§ EXERCISE INPUT

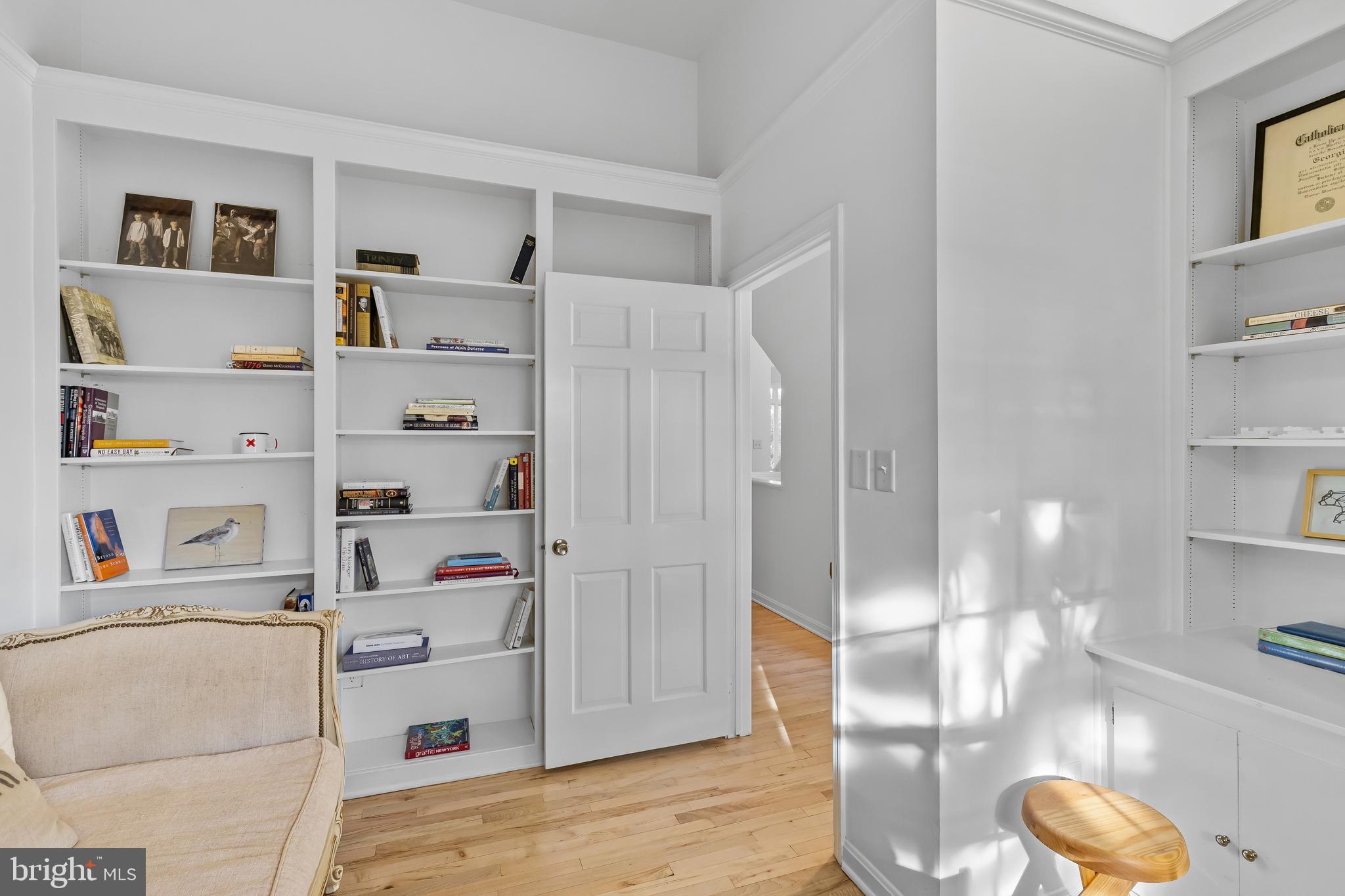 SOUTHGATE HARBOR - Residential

...

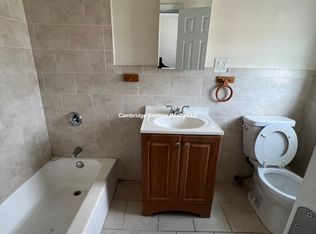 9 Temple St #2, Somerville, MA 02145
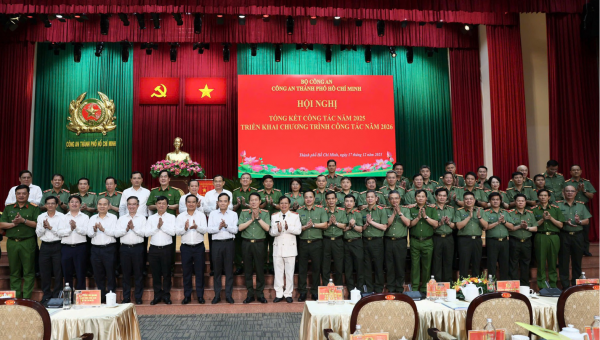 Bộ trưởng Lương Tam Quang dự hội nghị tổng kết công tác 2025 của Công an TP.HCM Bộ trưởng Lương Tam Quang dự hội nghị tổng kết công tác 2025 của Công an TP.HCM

...

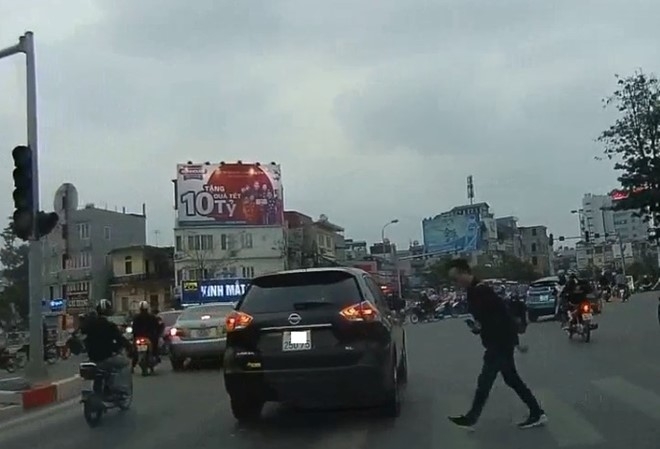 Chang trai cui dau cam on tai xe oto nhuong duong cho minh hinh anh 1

§ TASK GOAL
Give back exactly the lines of the listing above from the one that contains "9 Temple St #2, Somerville, MA 02145" up to and including the one that contains "an TP.HCM Bộ", but not the pictures, and no other lines.

§ SOLUTION FOR THIS EXERCISE
 9 Temple St #2, Somerville, MA 02145
 Bộ trưởng Lương Tam Quang dự hội nghị tổng kết công tác 2025 của Công an TP.HCM Bộ trưởng Lương Tam Quang dự hội nghị tổng kết công tác 2025 của Công an TP.HCM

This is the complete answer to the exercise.